In Lewis v. Clarke, the Supreme Court essentially states (but does not cite) the rule applied in Maxwell. Where the employee is sued in an individual capacity, not an official capacity, the individual is the real party in interest, which dictates that the tribe's sovereign immunity is not implicated even if the employee is acting within the scope of employment. In Lewis v. Clarke, the Supreme Court brusquely summed up the situation as follows: "The suit is brought against a tribal employee operating a vehicle within the scope of his employment but on state lands, and the judgment will not operate against the Tribe. This is not a suit against Clarke in his official capacity." With respect to the concern expressed by the Supreme Court of Connecticut below (and the 9th Circuit in Cook) that suing individuals is just a pleading device to circumvent tribal immunity, the Supreme Court simply said "immunity is not in play. Clarke, not the Gaming Authority, is the real party in interest."

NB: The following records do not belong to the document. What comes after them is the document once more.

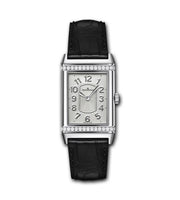 Jaeger-LeCoultre Reverso Duo Pink Gold Bracelet (3208423)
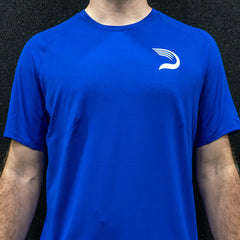 Recovery Collection: License to Train Short Sleeve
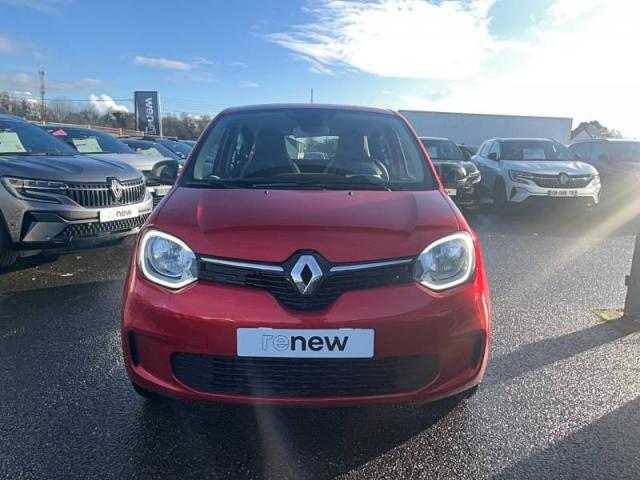 Renault Twingo image 4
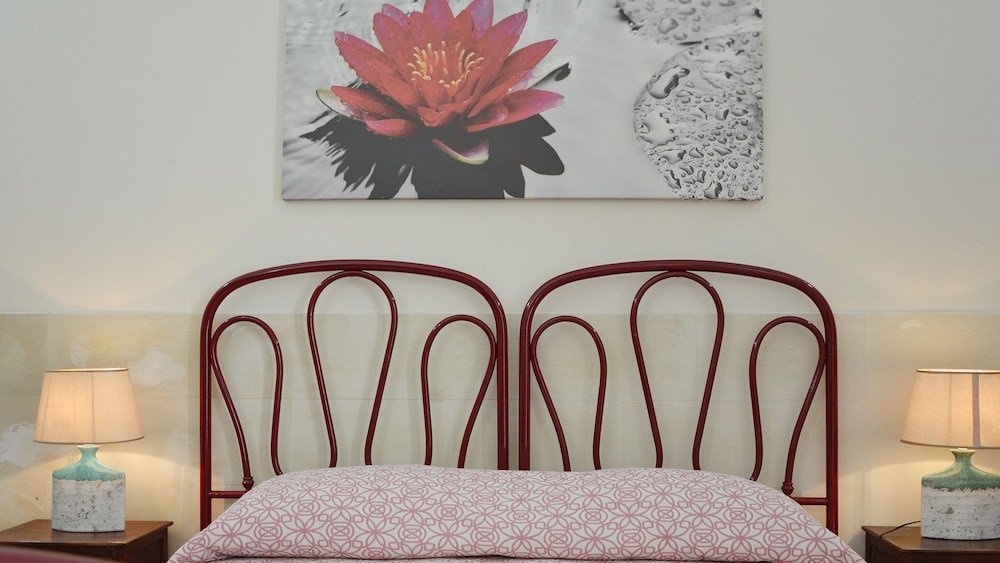 Фото Il Giardino Segreto B&b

Like the 19th century explorers, Lewis v. Clarke explores ground already covered by others but nonetheless has dramatic impact. The various approaches taken by the courts in Trudgeon, Great Western, Turner and Cook have been replaced by the brightest of bright-line rules. In every federal and state court in the United States, whether tribal sovereign immunity extends to employees of tribes and tribal businesses facing tort claims will depend in large part (if not exclusively) on whether the tribe or tribal business is also named as a defendant. Of course, no competent personal injury plaintiff's counsel will name a tribe or tribal business in the complaint only to face an immediate motion to dismiss on sovereign immunity grounds which could extend to any individual defendants. On the other hand, it would seem pointless to sue only low-level employees in their individual capacities. Avoiding sovereign immunity is a Pyrrhic victory when the defendants are judgment proof.

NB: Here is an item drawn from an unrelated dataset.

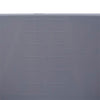 McKesson Wash Basin, Rectangle, 7 Quart, Gray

A suit with potential for real recovery for the injured plaintiff would seem to be limited to the specific circumstance of an employee indemnified by a tribe or tribal business. The individual defendants in both Lewis v. Clarke and Maxwell had indemnification from their employers (which these courts rejected as basis for extending sovereign immunity). Indemnification may explain why the plaintiffs in these cases avoided the temptation to sue the deep-pocket tribe or tribal business and sued only the individuals. In the context of personal injury litigation involving non-tribal businesses and employees, the usual goal is to reach the resources of the business by naming the business and the employee as defendants and asserting vicarious liability of the former for the conduct of the latter. The opposite appears to be true when a tribal business involved. The suit is framed as if the plaintiff has no interest in tribal liability, while relying on the existence of employee indemnification for payment of the judgment. A tribe or tribal business could attempt to counter this strategy by refusing to indemnify its employees for acts within the scope of employment. But this might potentially impact a tribe's ability to hire employees, given, for example, that California Labor Code Section 2802 requires indemnification from non-tribal employers.

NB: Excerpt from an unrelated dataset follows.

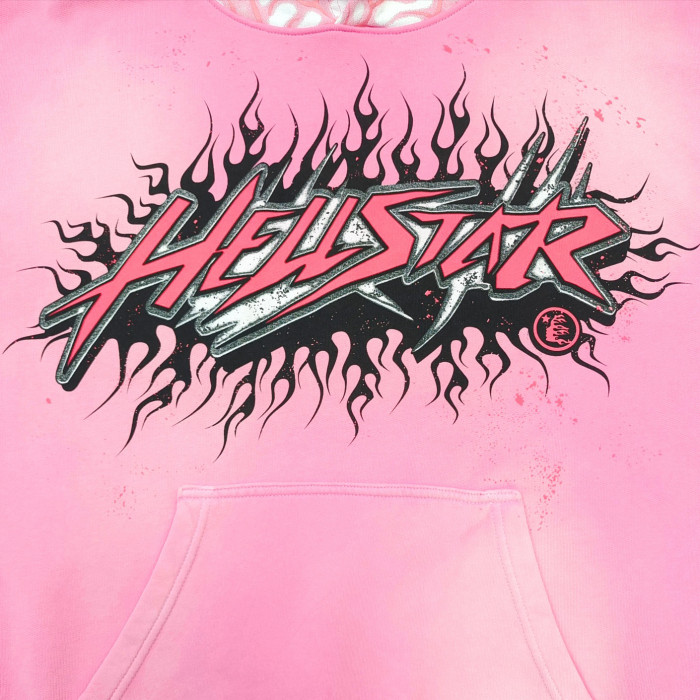 Hellstar Hoodies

One last thing is worth noting: In Lewis v. Clarke and Maxwell, the courts pointedly mention that the incident occurred off tribal land. Yet, nothing in the "real party in interest" rule applied in these cases expressly refers to this circumstance as a factor in determining whether an employee is immune. Further, in Lewis v. Clarke, both Justices Clarence Thomas and Ruth Bader Ginsburg wrote one-paragraph concurrences that off-reservation activities should not be subject to sovereign immunity, citing their dissents in Michigan v. Bay Mills Indian Community, 134 S. Ct. 2024 (2014), where the majority held to the contrary. The significance to employee immunity of the place where the events occurred remains to be seen.